Les écoliers, une quarantaine, font partie du Pui Kiu College et sont parmi les premiers visiteurs de ce centre dédié à l’éducation patriotique.

Assaut du Capitole

Les élèves y apprennent les contours de la nouvelle loi sur la sécurité nationale imposée par Pékin en réponse aux énormes manifestations prodémocratie de 2019. Ils planchent également sur l’histoire et les accomplissements de la Chine.  

C’est à son image que le Parti communiste remodèle la ville où, longtemps, dissidence et pluralisme politique ont été tolérés.  
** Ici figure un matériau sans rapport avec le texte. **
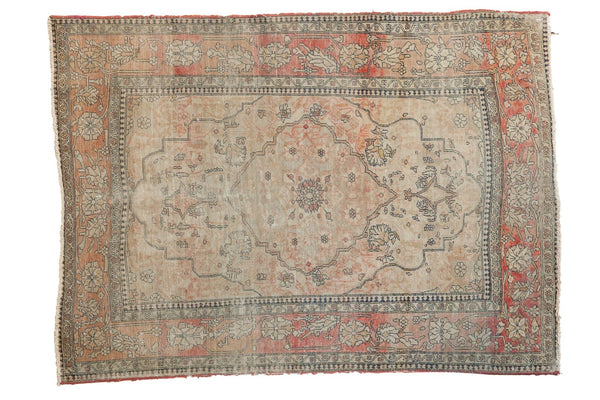 3x4 Antique Kerman Square Rug // ONH Item 6226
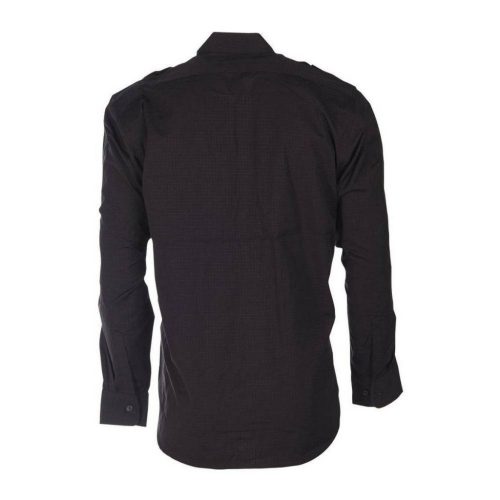 Mil-Tec ripstop field shirt, black 2XL
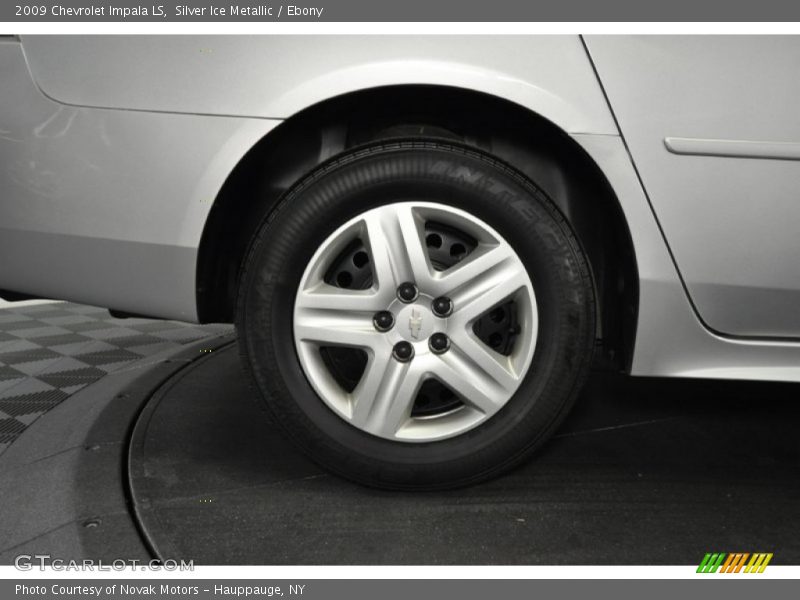 Silver Ice Metallic / Ebony 2009 Chevrolet Impala LS
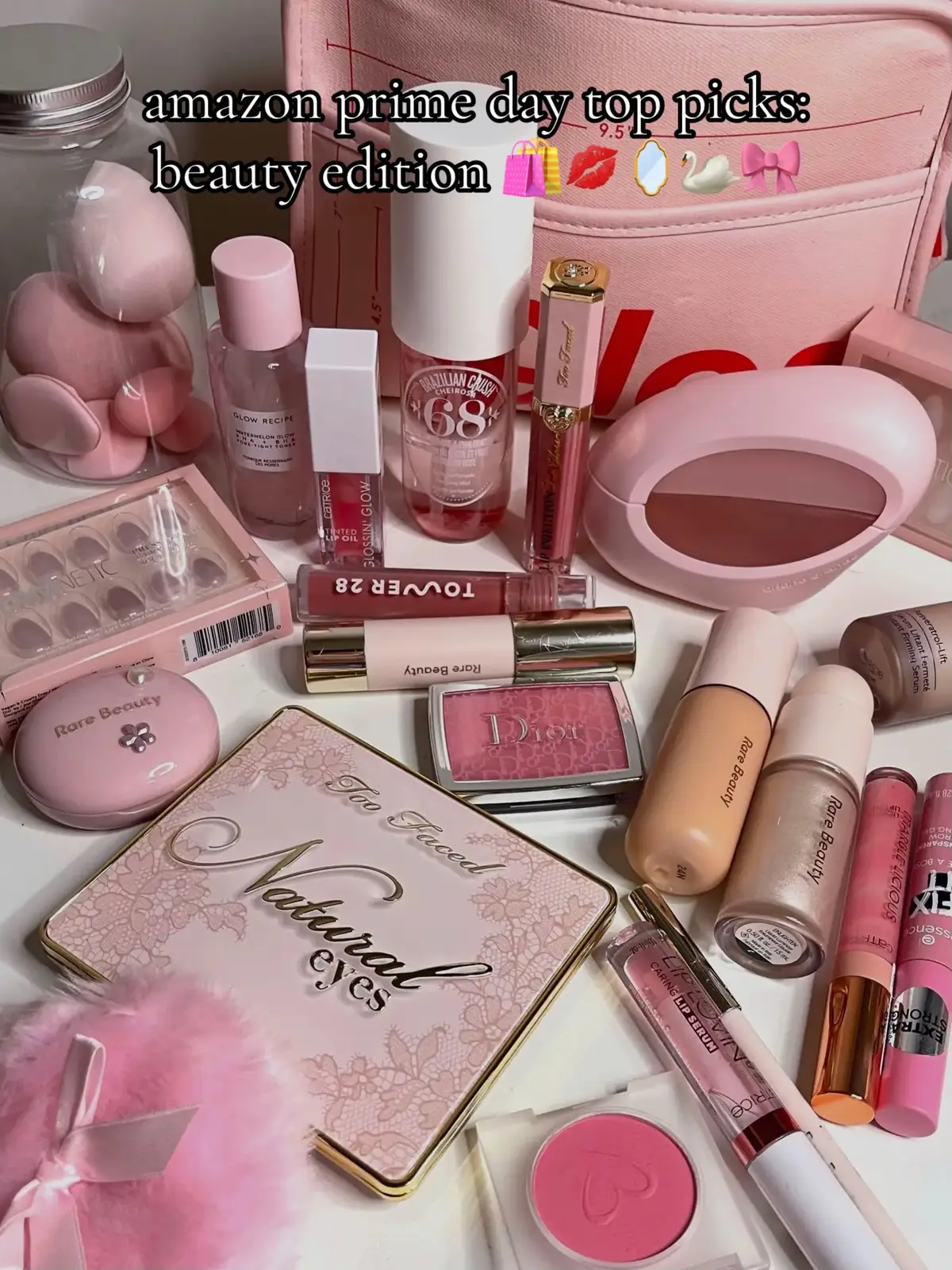 so many of my favs on sale for @Amazon prime day!! shop prime day deals through july 17th! 💖 #amazonfinds #beautyfinds #primeday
Les professeurs ont reçu l’ordre d’inculquer le patriotisme et de se conformer à la loi sur la sécurité nationale imposée en 2020 par Pékin pour étouffer toute dissidence.

La priorité, assure Kan à l’AFP, est d’inculquer aux élèves inscrits dans ce centre les quatre nouveaux délits introduits dans le système légal hongkongais via cette loi draconienne : la sécession, la subversion, la collusion avec des forces étrangères et le terrorisme.  

Tandis qu’elle s’adresse aux enfants défilent derrière elle des images de l’ancien président américain Donald Trump et de l’assaut du Capitole. Ce sont les mauvais exemples à ne pas suivre et les images servent à illustrer le délit de subversion : l’acte d’essayer de renverser ou de saper le gouvernement.  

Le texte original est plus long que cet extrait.